The search algorithm must know that Author = Creator to give good results.
Now, imagine the engine's overheads if there are hundreds of such lookups. It makes the use of metadata seem inefficient.
A simple solution exists: be consistent with metadata.
Another question: Is it possible to get consistent metadata values that can be applied to all types of information in the company?
Yes. But there’s more to it.
- Not all information requires all metadata. Draft or personal documents, for example, will need little metadata, if any.
- We can start with a generic metadata set for information that needs metadata. You’ve already seen glimpses of it in the previous paragraphs. Title, Author, Description, Publish Date, etc., are generic metadata sets that can be applied to any type of information.
Such metadata is so generic that a standard known as Dublin Core describes 15 metadata elements that can be used for all types of information. The fifteen elements are Contributor, Coverage, Creator, Date, Description, Format, Identifier, Language, Publisher, Relation, Rights, Source, Subject, Title, and Type.
After the generic set, we’ll need another set specific to the company's needs. It covers metadata such as Approvals, Workflow, Security and Preservation. This requires a bit of research and study. An external consultant is usually sought for this kind of work.
So there you have it: metadata = generic set + specific set.
Assigning metadata
Now that the company's metadata set is specified, how will staff assign metadata to the information they create? The assignment is usually done using the content management system (CMS) you use for the website or intranet.
Assigning metadata can be frustrating if not appropriately planned. When staff complain that “the system puts up this screen and expects me to fill out 20 fields, " they complain about the metadata assignment strategy.
There are many ways to make the assignment simple and usable. We’ll cover three here:
- System-assigned: The CMS can automatically assign some values. For example, the system can automatically apply the Author, Publish Date, and File type.
- Smart defaults: Smart defaults try to predict the context of the user and present values that they think will be relevant. For example, the CMS might surface my commonly used metadata values or only those metadata applicable to the user’s department or job function.
- Smart templates: Templates can have pre-assigned metadata. Authors only need to fill out the remaining metadata. This can speed up the authoring process.
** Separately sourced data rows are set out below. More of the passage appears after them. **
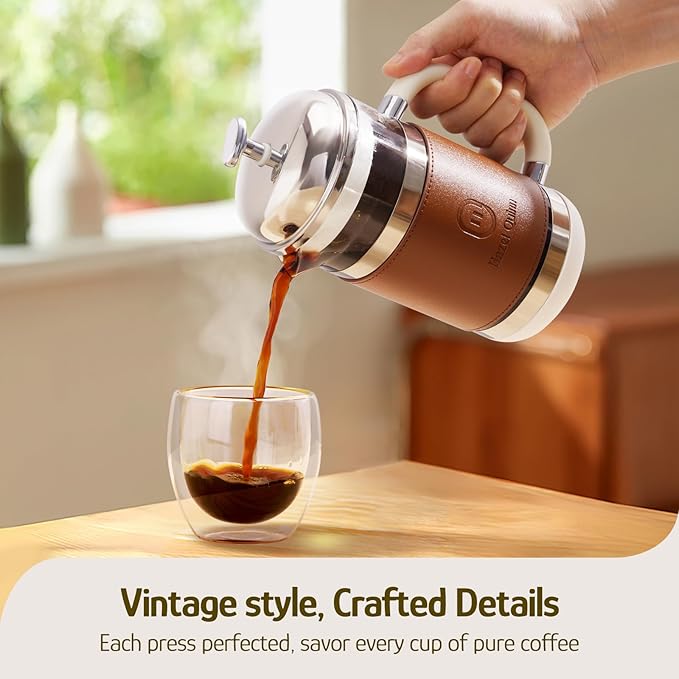 Hazel Quinn French Press Coffee Maker, 450ml / 15oz, Heat-Resistant Borosilicate Glass, 304 Stainless Steel, BPA-Free, Easy to Clean, Precision Filtration for Coffee & Tea
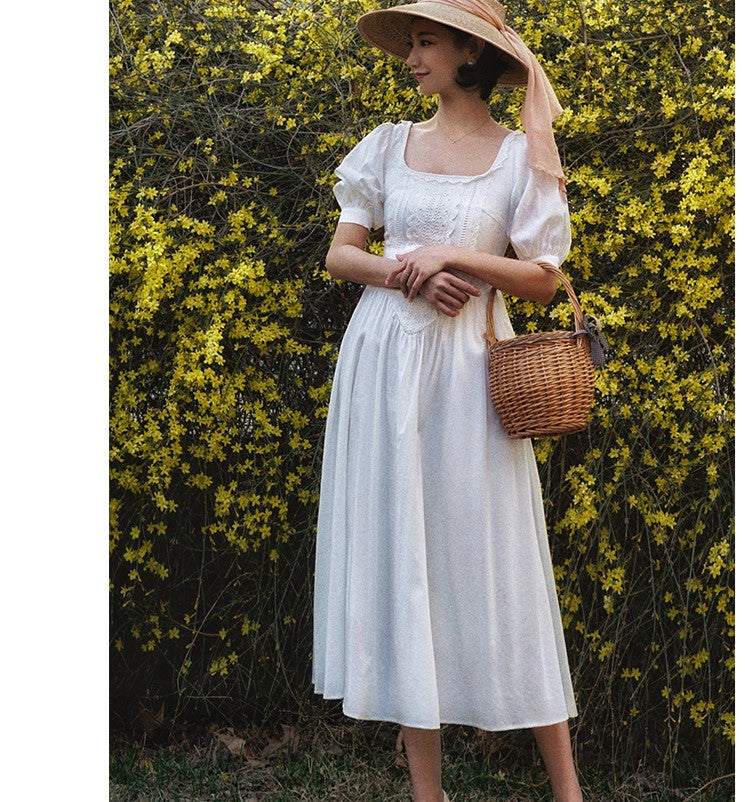 White thread embroidery vintage dress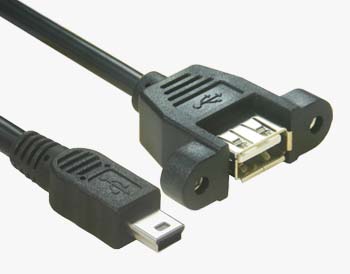 USB 2.0 Mini B a un cable hembra con bloqueo de tornillos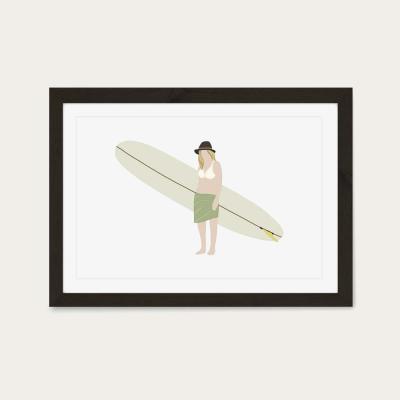 Bombinate.com Boho Girl Art Print Black Frame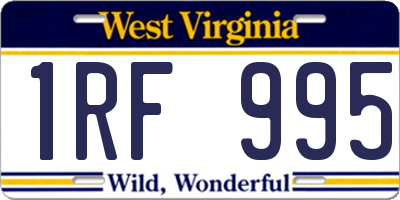 WV license plate 1RF995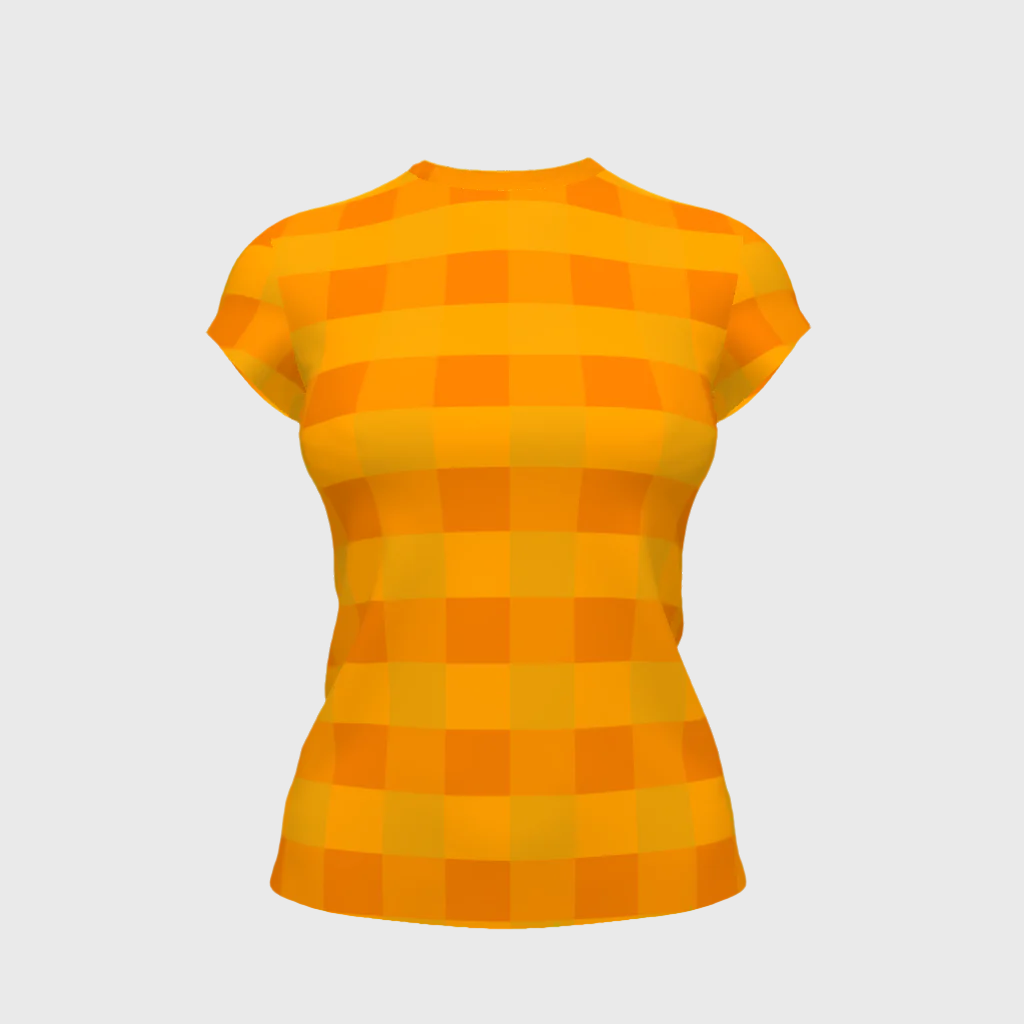 Marotear Mango Checkered Cap Sleeve Tshirt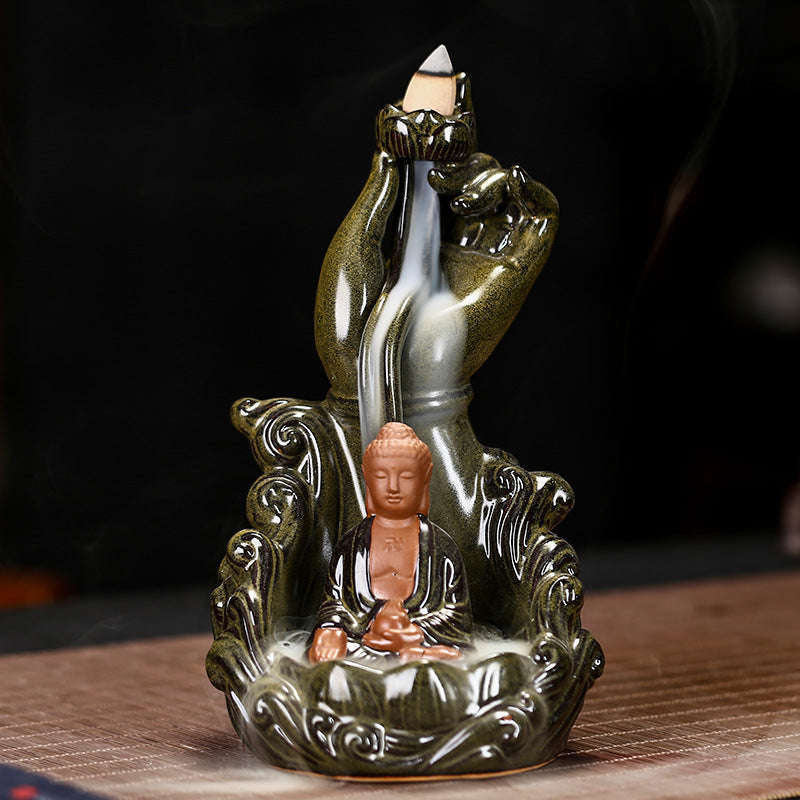 Buddha Incense Holder + 10 Free Back-Flow Incense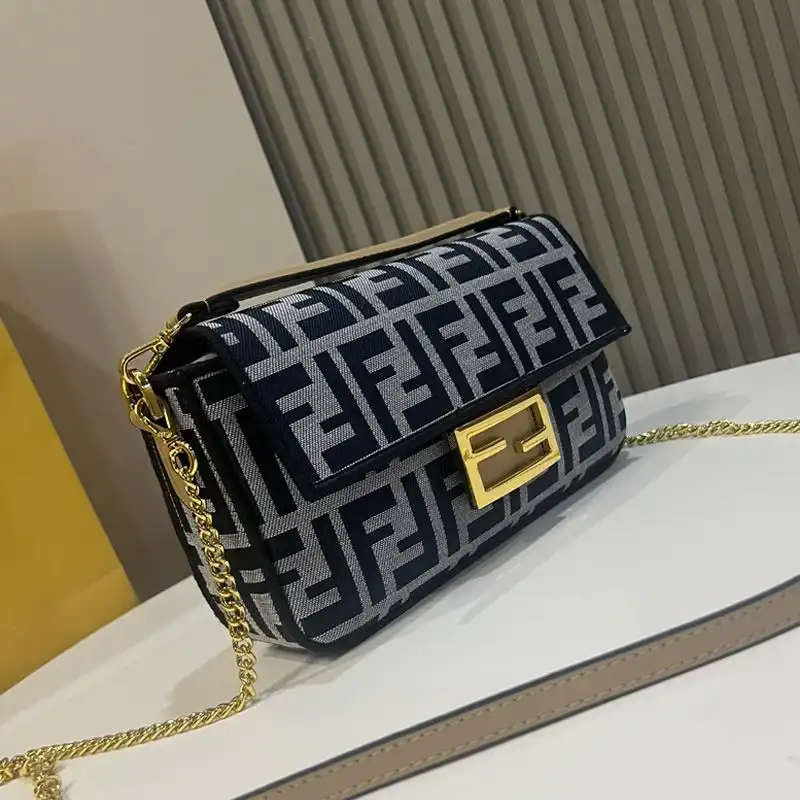 Affordable Fendi Mini Baguette Bag In FF Motif Fabric Black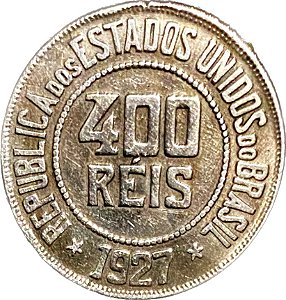 Moeda 400 Réis 1927 Cupro-Níquel MBC [Brasil/República]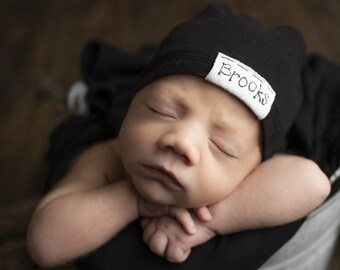 BLACK small TAG name hat: newborn hat-personalized baby hat-baby name hat-newborn name hat-personalized newborn hat-hospital hat-knots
Metadata and controlled vocabularies
Let’s say you ask staff to fill out the Purpose of the trip when submitting trip reports. What will they fill out? Some might put ‘business’ while others might put ‘JE’ for joint exercises. You see the problem. There will be no consistency in what staff enter as metadata. How can we then get consistent metadata values?
By controlling what staff can choose.
A controlled vocabulary is a controlled list of terms. Let’s say you give staff only three options to fill out the Purpose of the trip.
- Academic conferences
- Joint exercises
- Research collaboration
Staff can only select from these three options. The values are controlled.
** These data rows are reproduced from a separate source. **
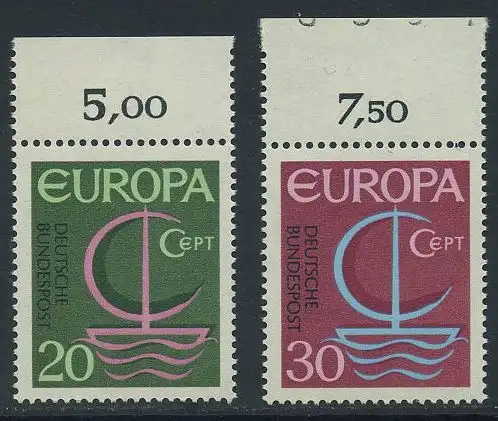 BUND 1966 Michel-Nummer 0519-0520 postfrisch SATZ(2) EINZELMARKEN RÄNDER oben (c)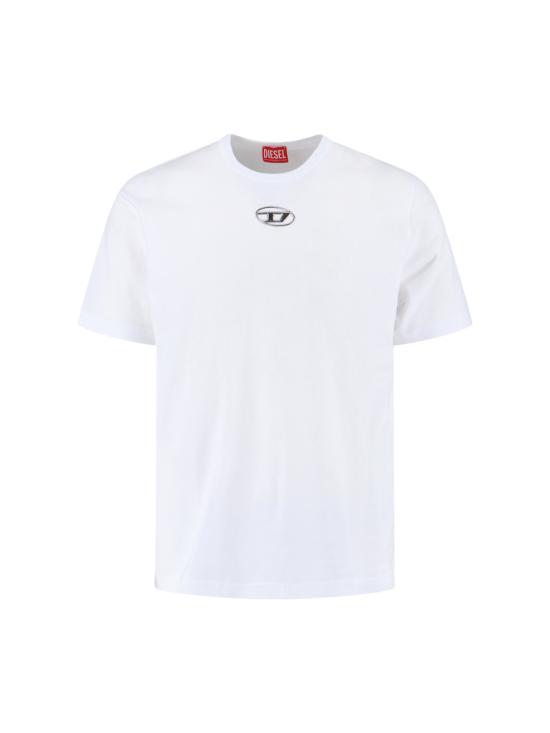 26FW 디젤 T-어드저스트-Od 메탈릭 오발 D 티셔츠 A17880 0CLBR 100 WHITE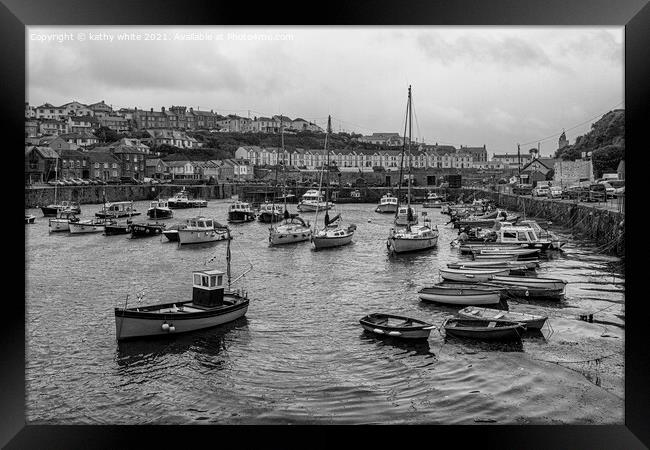 Porthleven Harbour Cornwall with fishing boats Framed Print by kathy white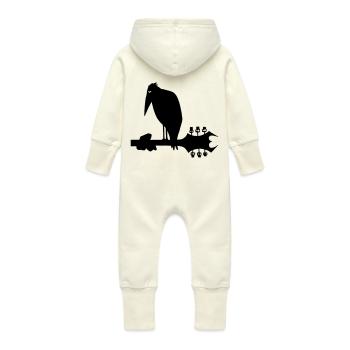 Le corbac metalleux - Grenouillère à capuche bio en molleton Bébé - vanille - Dos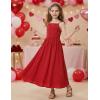 Arshiner Girls Summer Dress Maxi Spaghetti Strap Ruched Flowy Beach Boho Casual Teen Girl Sundress 6-14 Years(Red)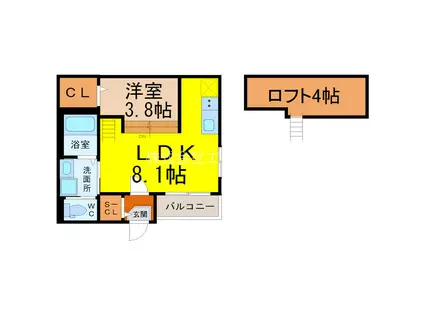 アダージョ六番町(1SLDK/1階)の間取り写真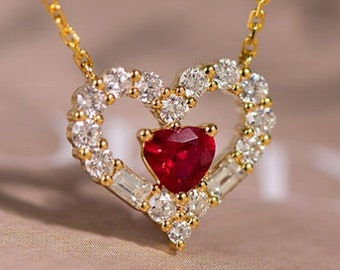 Pegion Blood Ruby Love Shape Necklace, Natural Diamonds 18K Gold Necklace, Valentine’s Day Jewelry Gift Idea for Her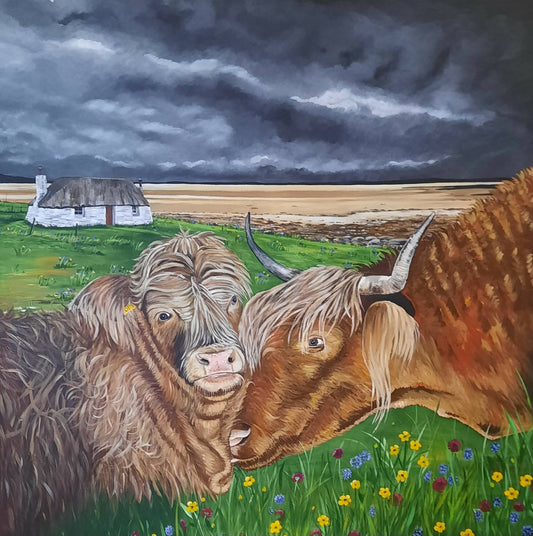 Mother & Calf Highland Cows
But what if the controlled vocabulary is itself confusing and ambiguous? Again, it is a severe problem, pointing to a lack of a metadata strategy.
A controlled vocabulary can do more than control authors' term selection. It can also enable some backend magic during search and retrieval.
Let’s say a staff member searches for the term “JE,” the informal use of the term “Joint Exercises.” Trip reports, being formal documents, do not contain the term “JE.” They are assigned the metadata term “Joint Exercises.” The result is that the search engines will not find the documents, even though they exist.
This is where an expanded, controlled vocabulary can shine through. Instead of just listing controlled terms, it can also include the following:
JE USE Joint Exercises
The statement tells the search engine to use the term “Joint Exercises” when it encounters the term “JE.” Problem solved.
You can imagine more situations where this simple expansion could help, such as homonyms, misspellings and abbreviations.
But wait. There’s more!
A controlled vocabulary can be expanded in more ways:
- NT = narrower term (Marketing NT Corporate Marketing)
- BT = broader term (Invitation to Quote BT Corporate Procurement)
- RT = related term (Trip report RT Country Report)
We are structuring the linear list of terms in the controlled vocabulary, thereby creating a hierarchy. This kind of controlled vocabulary is called a thesaurus.